Before I had kids I would spend a Friday night doing things I thought were really fun. We'd go to the 16th Street Mall in Denver and have oysters at the Paramount. We'd barbeque with friends or go to concerts. It was, seriously, a really good time in my life.

Now that I have kids, when I'm not working what I do usually revolves around the kids. Everyone with kids can relate.

I think my kids have been really fortunate to grow up with the same kids since they were little. New ones move in -- great new ones, in fact, but a lot of people we know now have been here the whole time we've been here. We've known some of these kids through 8 seasons of baseball. And I'm getting to know their parents.

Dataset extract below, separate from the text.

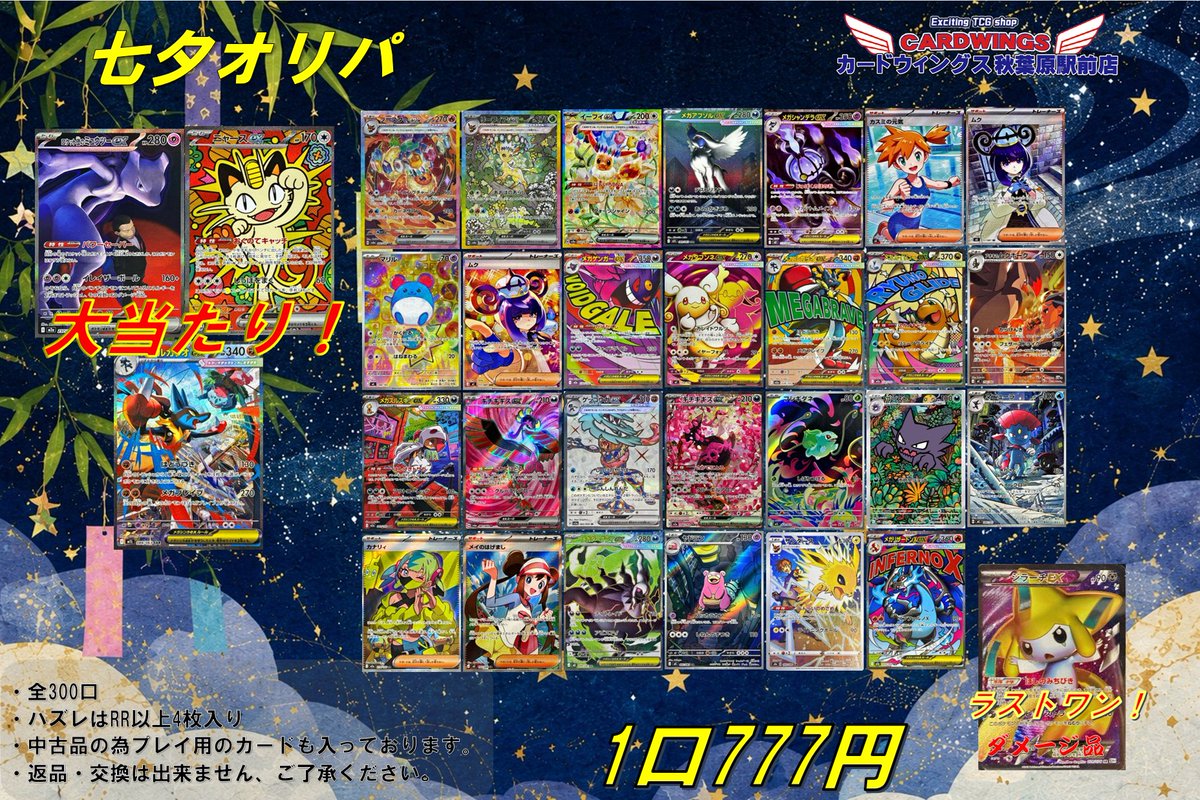 ポケカ 販売情報】 当店の七夕イベントに合わせてポケカからもオリパを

It sounds weird to think about it, but it is true that I am just getting to know some of the people that have been here and in and around my existence for eight years. We don't spend lots of time together or even in the same proximity. We're not what you would call "friends." But two hours at a time 15 times a year, we are united as a baseball family. Now we haven't always had kids on the same teams, but the same people have been in the league and we've watched each others' kids. Over eight years, that becomes ...a lot of time.

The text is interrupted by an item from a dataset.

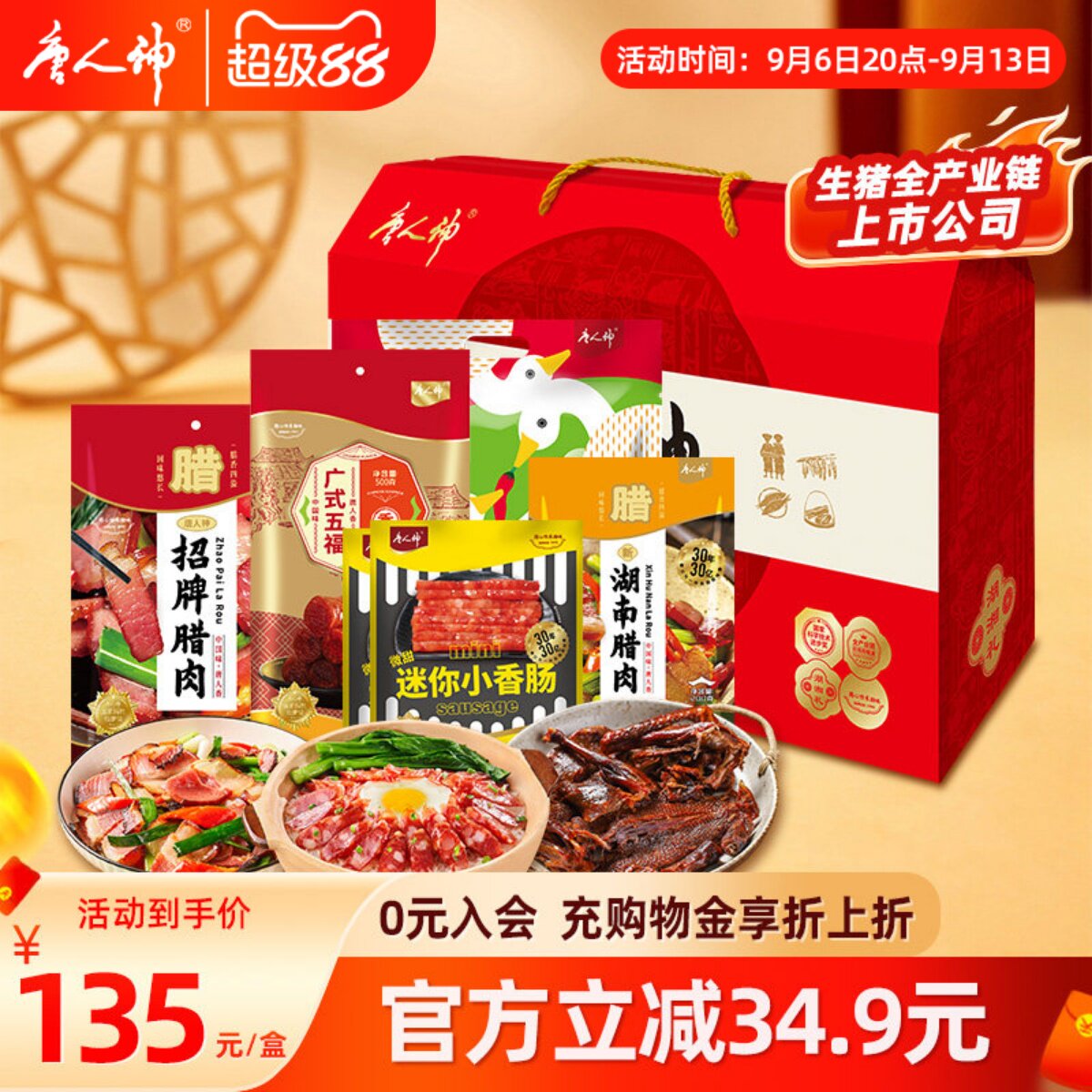 唐人神腊味礼盒1.74kg香肠招牌腊肉广式腊肠酱板鸭湖南特产送礼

On any given Friday night (or Tuesday or Thursday), and during that two hours I might actually talk for a few seconds, maybe a minute to most people. But now that I've been around these people awhile, we talk for longer. Four, ten, 15 minutes. I chatted with one trio of moms throughout a 2 inning blow-out last weekend. Particularly brutal - beat by 12 in two innings, game over. Our kids got creamed.

Last night was a different story. We won by a lot and so we have a game again at noon today. I had to get up early to launder the uniform and coach's shirt so my guys are ready. I realized too that I should go get drinks and ice for the kids for the game. And coffee for the base coach and his wife, cuz we're out.

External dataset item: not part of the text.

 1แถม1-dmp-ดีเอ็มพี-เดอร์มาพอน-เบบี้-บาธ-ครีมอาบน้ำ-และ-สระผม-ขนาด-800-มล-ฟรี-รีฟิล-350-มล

All this got me thinking about the kids...they are all my kids. I've known some of these kids "baseball-wise" for eight years. And since it is a small town, the kids also go to school together, play in the same band, played soccer with each other, are in the same science fairs...the moms and dads are all at the same activities we are, and its been that way for years. We really sort of know everybody. I kind of like that. There is strength in numbers.

As parents, we feel the pressure when our kids get up to bat. We can share in their glory when they hit the ball. It is somehow my fault when they strike out, or drop a fly ball, or get caught spacing out at first. But after all these years, I feel that way for 13 different kids. I think the other parents do too. Watching all this can be very painful as a parent. Or exhilarating. Or both!

We all live and breathe by the kids' glories and defeats. At least for 15 or 20 evenings and 2 to 2-1/2 hours each time, which is a lot of time. For that time, we are united together as a family. A baseball family. One for all and all for one. It's far more painful because we feel for each other's kids strike-outs or errors, but it's even more glorious when any one of them drives some runners home. Win or lose there's lots of love and respect and comraderie and good will going round. It's a pretty cool thing.